- Genre: Crime thriller
- Written by: John Ridley Sarah Smith
- Directed by: Peter Andrikidis; Geoff Bennett; Wayne Blair; Jennifer Leacey;
- Starring: Todd Lasance; Ash Ricardo; Dominic Monaghan; Damian Walshe-Howling; Deborah Mailman; Robert Mammone; Pia Miller; Marny Kennedy; Darcie Irwin-Simpson;
- Country of origin: Australia
- Original language: English
- No. of episodes: 8

Production
- Executive producers: Andy Ryan; Jo Rooney; David Maher; David Taylor; Sarah Smith;
- Producer: Sue Seeary
- Production location: Sydney, Australia
- Running time: 44 minutes
- Production company: Playmaker Media

Original release
- Network: Nine Network
- Release: 15 August – 3 October 2018

= Bite Club (TV series) =

Australian television series

Bite Club is an Australian crime thriller television series which aired on the Nine Network from 15 August to 3 October 2018. The show centres around a group of shark attack survivors, named the "Bite Club", who are being targeted by a serial killer. It stars Todd Lasance and Ash Ricardo as Detectives Dan Cooper and Zoe Rawlings, along with Dominic Monaghan as Senior Constable Stephen Langley.

==Production==
On 4 October 2017, the series was announced, with Dominic Monaghan set to star in a lead role. On 11 October, the series was officially confirmed at Nine's upfronts set to air in 2018. The eight-part series began airing on 15 August 2018.

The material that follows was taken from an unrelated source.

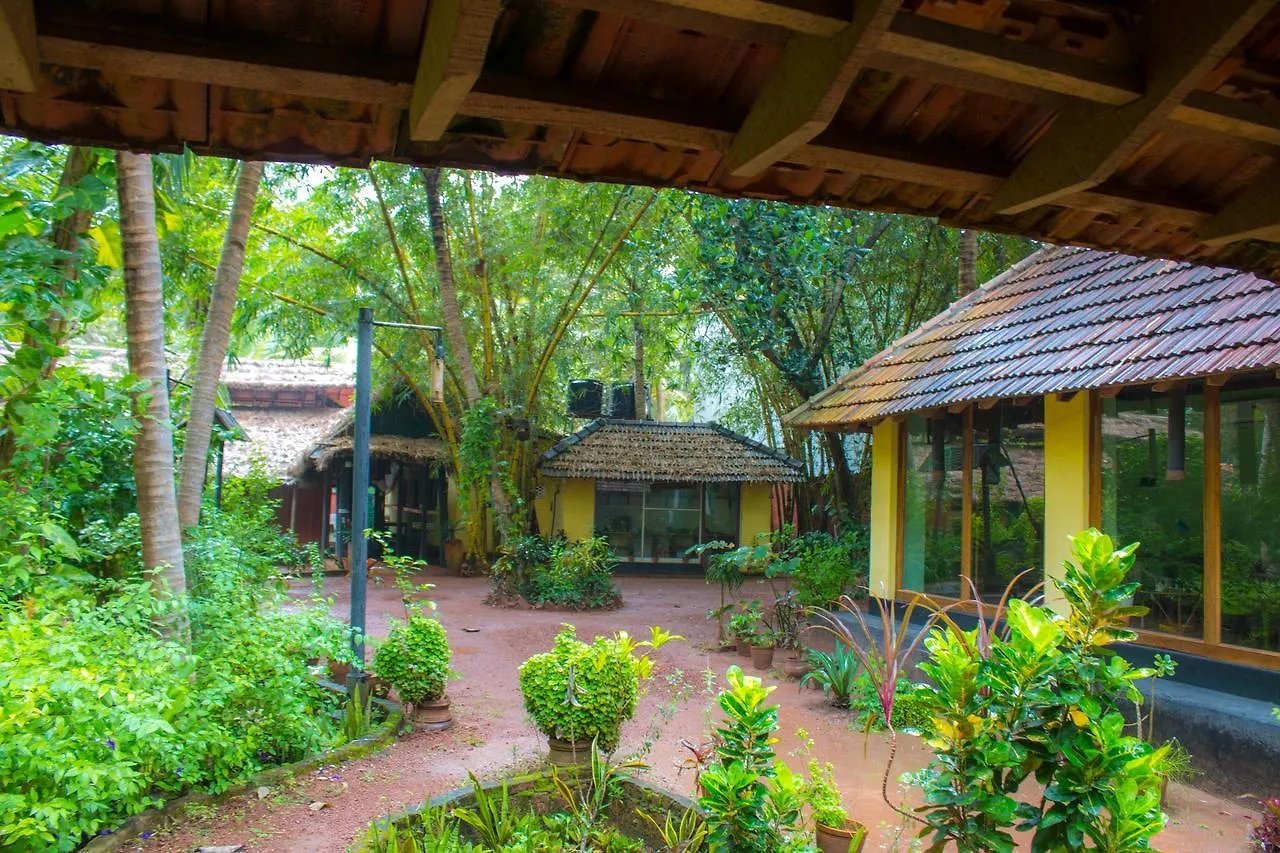 V Resorts Bohemian Masala Resort バルカラ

The show centres around a group of shark attack survivors, named the "Bite Club", who are being targeted by a serial killer. Todd Lasance and Ash Ricardo play Detectives Dan Cooper and Zoe Rawlings, who are trying to catch the killer. Monaghan plays Senior Constable Stephen Langley. The rest of the cast includes, Damian Walshe-Howling as psychologist Kristof Olsen, Deborah Mailman as Superintendent Anna Morton, Robert Mammone as Detective Sergeant Jim Russo, Marny Kennedy as semi-pro surfer Amber Wells, Darcie Irwin-Simpson as Detective Claire Hobson, Arka Das as Forensic Specialist Depak Chaudhary, and Pia Miller as Zoe's best friend Kate Summers. Actress Jessica Falkholt will make a posthumous appearance, following her death on 17 January 2018.

Bite Club is written by Sarah Smith and John Ridley, and directed by Peter Andrikidis, Geoff Bennett, Wayne Blair and Jennifer Leacey.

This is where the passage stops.